▸ Task statement
Please work out how many lines below contain the word "Sandal", and reply with only that number.

Brief descriptive captions

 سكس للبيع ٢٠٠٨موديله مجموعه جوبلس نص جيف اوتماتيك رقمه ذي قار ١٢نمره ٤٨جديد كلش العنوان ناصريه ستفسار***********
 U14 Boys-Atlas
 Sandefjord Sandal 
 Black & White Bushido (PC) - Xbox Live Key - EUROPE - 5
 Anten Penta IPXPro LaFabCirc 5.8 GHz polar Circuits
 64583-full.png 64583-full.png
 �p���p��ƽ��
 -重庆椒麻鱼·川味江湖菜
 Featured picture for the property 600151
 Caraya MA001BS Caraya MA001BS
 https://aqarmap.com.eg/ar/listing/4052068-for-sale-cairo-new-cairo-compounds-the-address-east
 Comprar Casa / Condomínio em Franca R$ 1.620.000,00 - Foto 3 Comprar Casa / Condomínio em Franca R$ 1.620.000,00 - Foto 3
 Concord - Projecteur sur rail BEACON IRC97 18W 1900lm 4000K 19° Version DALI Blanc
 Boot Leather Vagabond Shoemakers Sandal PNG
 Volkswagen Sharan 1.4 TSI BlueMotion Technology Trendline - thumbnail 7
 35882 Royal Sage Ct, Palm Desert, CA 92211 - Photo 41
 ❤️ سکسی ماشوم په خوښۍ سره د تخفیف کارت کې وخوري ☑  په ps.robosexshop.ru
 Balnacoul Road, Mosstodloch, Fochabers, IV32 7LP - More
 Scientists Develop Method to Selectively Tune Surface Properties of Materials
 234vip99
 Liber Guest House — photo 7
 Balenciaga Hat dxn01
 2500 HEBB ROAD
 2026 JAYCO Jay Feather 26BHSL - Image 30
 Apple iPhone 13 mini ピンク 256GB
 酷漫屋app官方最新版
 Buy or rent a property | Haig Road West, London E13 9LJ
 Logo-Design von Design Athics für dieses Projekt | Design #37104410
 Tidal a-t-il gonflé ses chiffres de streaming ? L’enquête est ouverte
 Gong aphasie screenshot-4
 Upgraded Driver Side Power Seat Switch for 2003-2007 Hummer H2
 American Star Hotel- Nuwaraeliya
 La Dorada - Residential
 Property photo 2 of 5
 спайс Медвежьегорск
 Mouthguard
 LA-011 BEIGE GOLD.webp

▸ Task output
2